(DATA SUPPLIED Opens)
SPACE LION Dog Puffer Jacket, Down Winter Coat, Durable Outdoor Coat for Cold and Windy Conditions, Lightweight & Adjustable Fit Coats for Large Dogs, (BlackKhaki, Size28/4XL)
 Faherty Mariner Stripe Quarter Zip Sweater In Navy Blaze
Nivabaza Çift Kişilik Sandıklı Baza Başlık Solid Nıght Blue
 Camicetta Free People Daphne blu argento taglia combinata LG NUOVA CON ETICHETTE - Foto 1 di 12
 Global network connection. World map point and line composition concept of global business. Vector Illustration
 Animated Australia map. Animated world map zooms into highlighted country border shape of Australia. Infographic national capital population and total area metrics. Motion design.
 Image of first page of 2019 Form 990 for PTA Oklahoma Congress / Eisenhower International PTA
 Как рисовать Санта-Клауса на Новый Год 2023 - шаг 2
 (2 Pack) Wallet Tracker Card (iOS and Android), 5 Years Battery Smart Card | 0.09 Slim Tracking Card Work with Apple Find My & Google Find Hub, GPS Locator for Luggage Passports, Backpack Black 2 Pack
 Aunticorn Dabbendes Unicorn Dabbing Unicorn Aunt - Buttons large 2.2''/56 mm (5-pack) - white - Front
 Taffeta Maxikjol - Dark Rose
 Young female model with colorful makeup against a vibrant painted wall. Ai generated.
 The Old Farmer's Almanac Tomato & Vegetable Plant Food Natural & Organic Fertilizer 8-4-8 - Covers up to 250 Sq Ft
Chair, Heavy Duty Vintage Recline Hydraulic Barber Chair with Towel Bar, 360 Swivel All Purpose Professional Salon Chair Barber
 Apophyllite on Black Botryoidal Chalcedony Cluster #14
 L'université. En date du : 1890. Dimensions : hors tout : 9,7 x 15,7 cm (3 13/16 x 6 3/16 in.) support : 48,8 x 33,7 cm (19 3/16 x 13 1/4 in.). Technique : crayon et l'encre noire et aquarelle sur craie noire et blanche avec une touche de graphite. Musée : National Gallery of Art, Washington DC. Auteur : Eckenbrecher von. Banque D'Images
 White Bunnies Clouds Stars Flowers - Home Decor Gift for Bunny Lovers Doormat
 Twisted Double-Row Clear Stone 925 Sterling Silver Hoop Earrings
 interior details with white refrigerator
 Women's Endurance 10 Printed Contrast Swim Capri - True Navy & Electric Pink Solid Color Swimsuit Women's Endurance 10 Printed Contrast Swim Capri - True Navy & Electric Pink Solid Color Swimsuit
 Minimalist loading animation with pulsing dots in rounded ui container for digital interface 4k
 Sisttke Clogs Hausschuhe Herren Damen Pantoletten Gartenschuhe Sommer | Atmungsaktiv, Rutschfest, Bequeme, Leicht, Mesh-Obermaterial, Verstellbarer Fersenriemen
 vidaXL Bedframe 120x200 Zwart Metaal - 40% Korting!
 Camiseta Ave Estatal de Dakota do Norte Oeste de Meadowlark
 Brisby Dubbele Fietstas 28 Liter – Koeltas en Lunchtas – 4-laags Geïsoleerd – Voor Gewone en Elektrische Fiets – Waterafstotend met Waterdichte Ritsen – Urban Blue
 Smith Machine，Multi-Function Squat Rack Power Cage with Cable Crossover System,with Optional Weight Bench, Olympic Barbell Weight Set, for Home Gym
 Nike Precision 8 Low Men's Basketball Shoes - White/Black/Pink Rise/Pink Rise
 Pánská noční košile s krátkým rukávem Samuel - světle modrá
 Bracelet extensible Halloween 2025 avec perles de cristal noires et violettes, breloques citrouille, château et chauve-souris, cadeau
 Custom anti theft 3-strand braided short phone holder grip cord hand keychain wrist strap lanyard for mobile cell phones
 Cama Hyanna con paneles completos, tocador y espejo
(DATA SUPPLIED Closes)
▶ EXERCISE
The whole listing should be restated word for word.

▶ RESPONSE BELOW
SPACE LION Dog Puffer Jacket, Down Winter Coat, Durable Outdoor Coat for Cold and Windy Conditions, Lightweight & Adjustable Fit Coats for Large Dogs, (BlackKhaki, Size28/4XL)
 Faherty Mariner Stripe Quarter Zip Sweater In Navy Blaze
Nivabaza Çift Kişilik Sandıklı Baza Başlık Solid Nıght Blue
 Camicetta Free People Daphne blu argento taglia combinata LG NUOVA CON ETICHETTE - Foto 1 di 12
 Global network connection. World map point and line composition concept of global business. Vector Illustration
 Animated Australia map. Animated world map zooms into highlighted country border shape of Australia. Infographic national capital population and total area metrics. Motion design.
 Image of first page of 2019 Form 990 for PTA Oklahoma Congress / Eisenhower International PTA
 Как рисовать Санта-Клауса на Новый Год 2023 - шаг 2
 (2 Pack) Wallet Tracker Card (iOS and Android), 5 Years Battery Smart Card | 0.09 Slim Tracking Card Work with Apple Find My & Google Find Hub, GPS Locator for Luggage Passports, Backpack Black 2 Pack
 Aunticorn Dabbendes Unicorn Dabbing Unicorn Aunt - Buttons large 2.2''/56 mm (5-pack) - white - Front
 Taffeta Maxikjol - Dark Rose
 Young female model with colorful makeup against a vibrant painted wall. Ai generated.
 The Old Farmer's Almanac Tomato & Vegetable Plant Food Natural & Organic Fertilizer 8-4-8 - Covers up to 250 Sq Ft
Chair, Heavy Duty Vintage Recline Hydraulic Barber Chair with Towel Bar, 360 Swivel All Purpose Professional Salon Chair Barber
 Apophyllite on Black Botryoidal Chalcedony Cluster #14
 L'université. En date du : 1890. Dimensions : hors tout : 9,7 x 15,7 cm (3 13/16 x 6 3/16 in.) support : 48,8 x 33,7 cm (19 3/16 x 13 1/4 in.). Technique : crayon et l'encre noire et aquarelle sur craie noire et blanche avec une touche de graphite. Musée : National Gallery of Art, Washington DC. Auteur : Eckenbrecher von. Banque D'Images
 White Bunnies Clouds Stars Flowers - Home Decor Gift for Bunny Lovers Doormat
 Twisted Double-Row Clear Stone 925 Sterling Silver Hoop Earrings
 interior details with white refrigerator
 Women's Endurance 10 Printed Contrast Swim Capri - True Navy & Electric Pink Solid Color Swimsuit Women's Endurance 10 Printed Contrast Swim Capri - True Navy & Electric Pink Solid Color Swimsuit
 Minimalist loading animation with pulsing dots in rounded ui container for digital interface 4k
 Sisttke Clogs Hausschuhe Herren Damen Pantoletten Gartenschuhe Sommer | Atmungsaktiv, Rutschfest, Bequeme, Leicht, Mesh-Obermaterial, Verstellbarer Fersenriemen
 vidaXL Bedframe 120x200 Zwart Metaal - 40% Korting!
 Camiseta Ave Estatal de Dakota do Norte Oeste de Meadowlark
 Brisby Dubbele Fietstas 28 Liter – Koeltas en Lunchtas – 4-laags Geïsoleerd – Voor Gewone en Elektrische Fiets – Waterafstotend met Waterdichte Ritsen – Urban Blue
 Smith Machine，Multi-Function Squat Rack Power Cage with Cable Crossover System,with Optional Weight Bench, Olympic Barbell Weight Set, for Home Gym
 Nike Precision 8 Low Men's Basketball Shoes - White/Black/Pink Rise/Pink Rise
 Pánská noční košile s krátkým rukávem Samuel - světle modrá
 Bracelet extensible Halloween 2025 avec perles de cristal noires et violettes, breloques citrouille, château et chauve-souris, cadeau
 Custom anti theft 3-strand braided short phone holder grip cord hand keychain wrist strap lanyard for mobile cell phones
 Cama Hyanna con paneles completos, tocador y espejo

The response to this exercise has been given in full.